Baizley: Let me pose the question in a different way. I’ve been asked whether my perspective on life changed after the accident…yes, of course it changed, but it changed in that my convictions were strengthened. It wasn’t like the course was altered…the course has been narrowed and made more obvious. As someone who’s used music as something that’s depository for internal things, it’s a place where I can ask myself questions and confront things that I’m not comfortable discussing verbally. It’s become more critical that I have both music and art in my life because I’ve got this huge piece of luggage to carry around with me for the rest of my life. If iI didn’t have this place to express the variety of feelings that I have, I’m not sure what I would do. I really, really consider myself super fortunate to go through the accident the way that I did because there was always a structure of people who were always there. I know as well as you do, there are people suffering far greater injuries privately. What I’ve gone through hasn’t been easy, but I’m on one extreme side of the spectrum and not at the edge. I consider music and art a very important part of my recovery and my existence as a person. It’s what I do, you know? If you took away anybody’s outlet, you’re introducing boundaries and oppression that’s going to upset people. I would be miserable right now because I wouldn’t be capable of doing that thing anymore. I experience a lot of pain and really horrible after effects, but it’s not as bad as like death or real dysfunction.
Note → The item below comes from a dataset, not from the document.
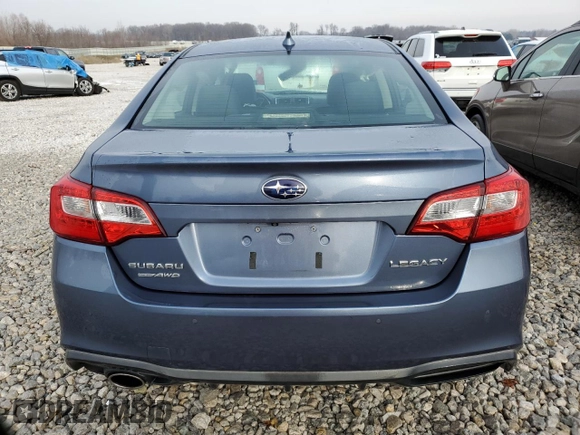 2018 Subaru Legacy Limited with VIN 4S3BNAN62J3025009, listed as a Copart auction lot 81268533 with 63,809 mi miles. Bid and sale history available at carsss.com. Image 6.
Paste: And with that considered—you said before that it was a split decision whether you kept your arm. What does that mean to you now?
Baizley: Very soon after the accident, we were in the emergency room. The medics and doctors were looking at the severity of my injuries, and I kept hearing somebody say “amputate.” But our tour manager stepped up and said “that’s not an option. Figure out something else. If you do that, you’re going to ruin this guy.” I have a vague memory of it, but some people have told me that that is what happened. I’m grateful for anybody who spoke up [laughs].

Paste: There’s a lot of gratitude all over this album.
Baizley: And that’s the thing, I got to write a love song to these people. In this style of music, there’s not a lot of space for genuine, honest love songs, but I needed to. I don’t have a better way of saying thank you to the people who supported us than by writing a love song, so that’s a positive outcome.